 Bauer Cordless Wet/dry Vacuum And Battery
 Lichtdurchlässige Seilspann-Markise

--

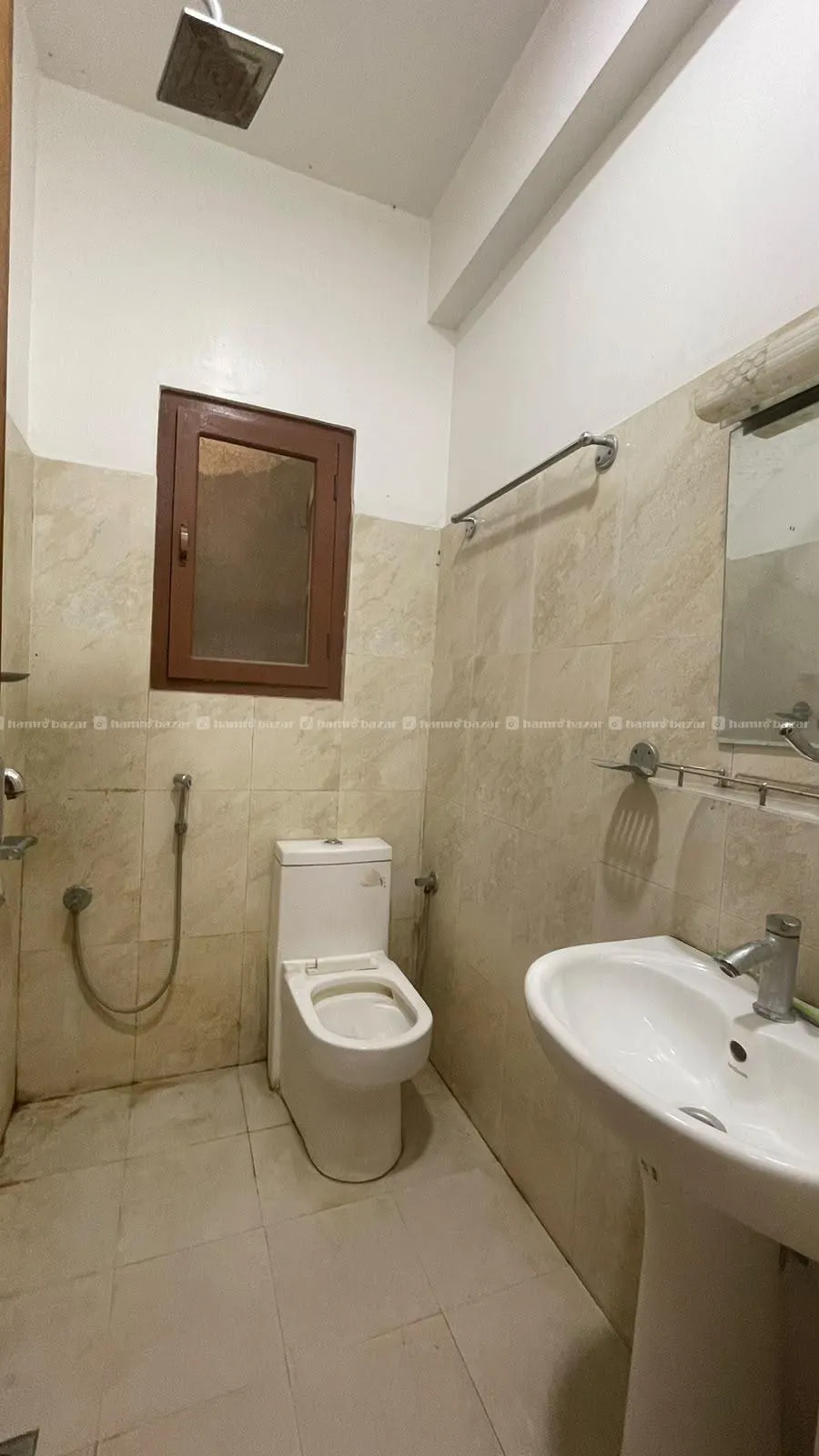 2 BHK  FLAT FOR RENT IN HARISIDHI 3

==

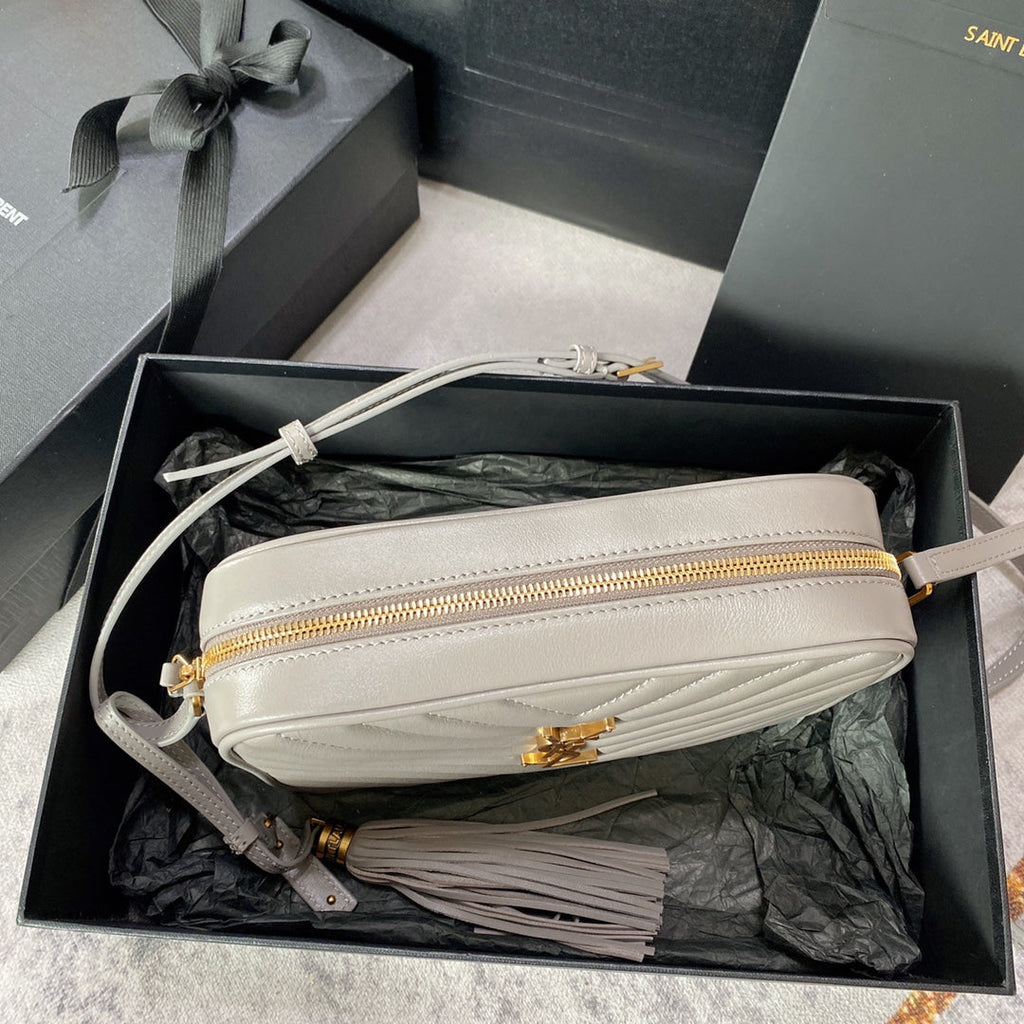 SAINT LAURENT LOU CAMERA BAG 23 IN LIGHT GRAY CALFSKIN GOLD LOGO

### What you are asked to do
Output should match, line for line, the stretch of the material above from the line holding "Bauer Cordless Wet/dry Vacuum And Battery" through the line holding "Lichtdurchlässige Seilspann-Markise".

### Exercise response
 Bauer Cordless Wet/dry Vacuum And Battery
 Lichtdurchlässige Seilspann-Markise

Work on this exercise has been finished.